[RECORDED DATA Boundary: Start]
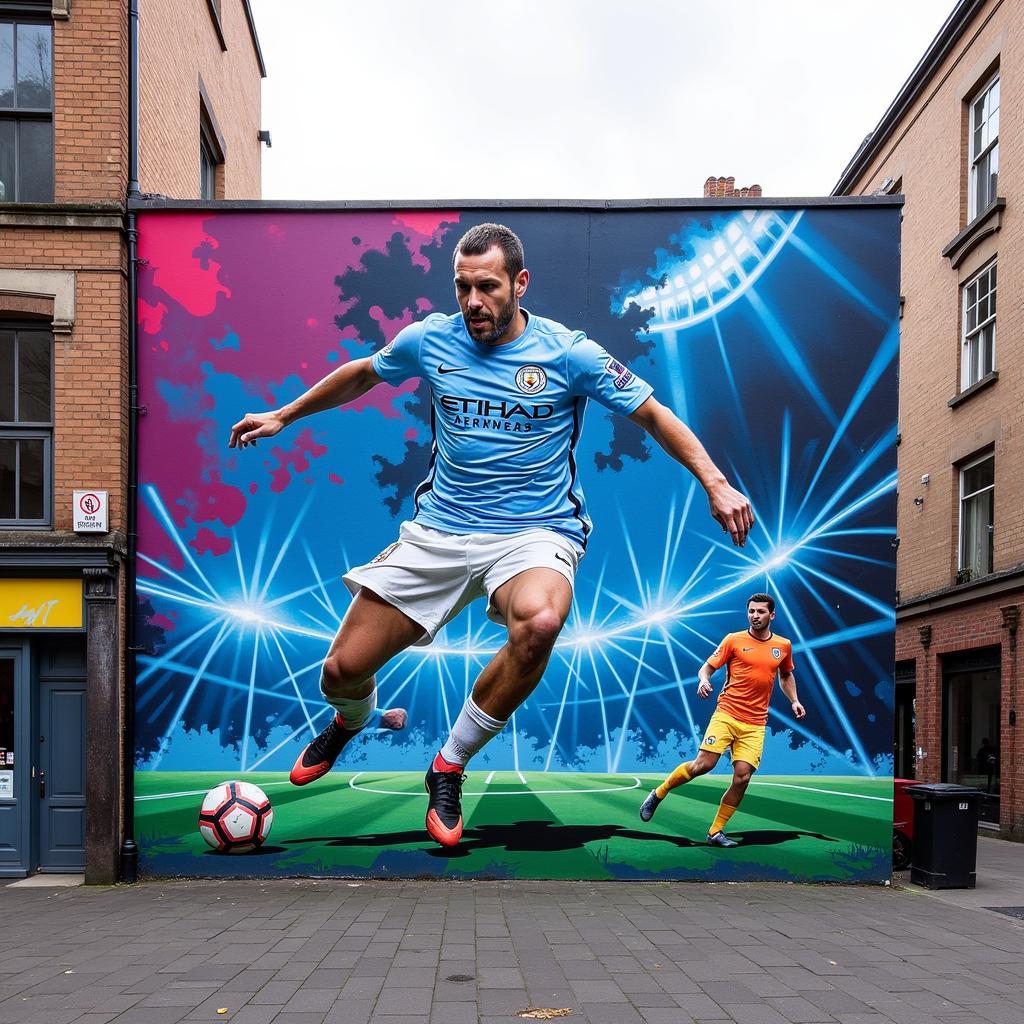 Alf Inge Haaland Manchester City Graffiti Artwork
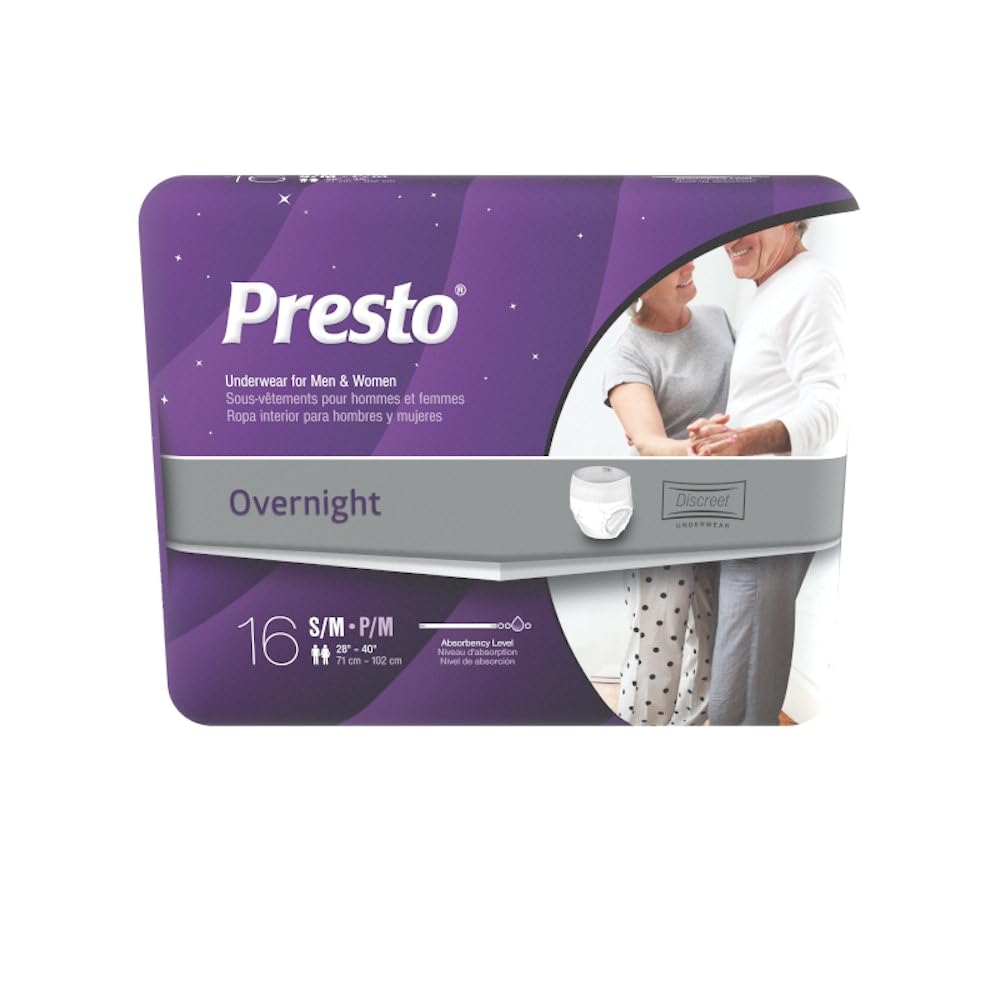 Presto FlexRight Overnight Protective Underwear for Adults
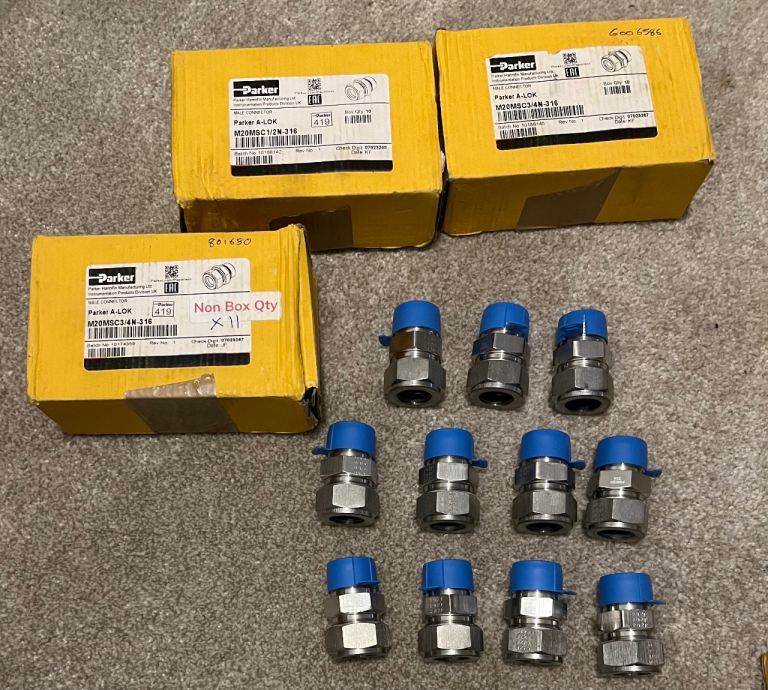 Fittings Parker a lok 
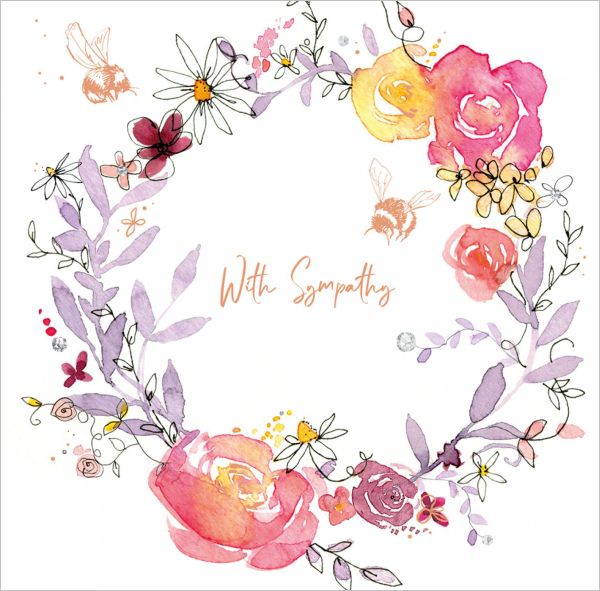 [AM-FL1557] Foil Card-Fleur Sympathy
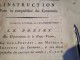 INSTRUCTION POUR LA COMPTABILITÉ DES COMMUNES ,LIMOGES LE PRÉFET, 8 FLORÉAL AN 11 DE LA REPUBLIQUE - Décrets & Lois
[RECORDED DATA Boundary: End]
**TASK DESCRIPTION:** Every line above has to be output exactly; the pictures must be dropped.

**SOLUTION FOR THIS PROBLEM:**
 Alf Inge Haaland Manchester City Graffiti Artwork
 Presto FlexRight Overnight Protective Underwear for Adults
 Fittings Parker a lok 
 [AM-FL1557] Foil Card-Fleur Sympathy
 INSTRUCTION POUR LA COMPTABILITÉ DES COMMUNES ,LIMOGES LE PRÉFET, 8 FLORÉAL AN 11 DE LA REPUBLIQUE - Décrets & Lois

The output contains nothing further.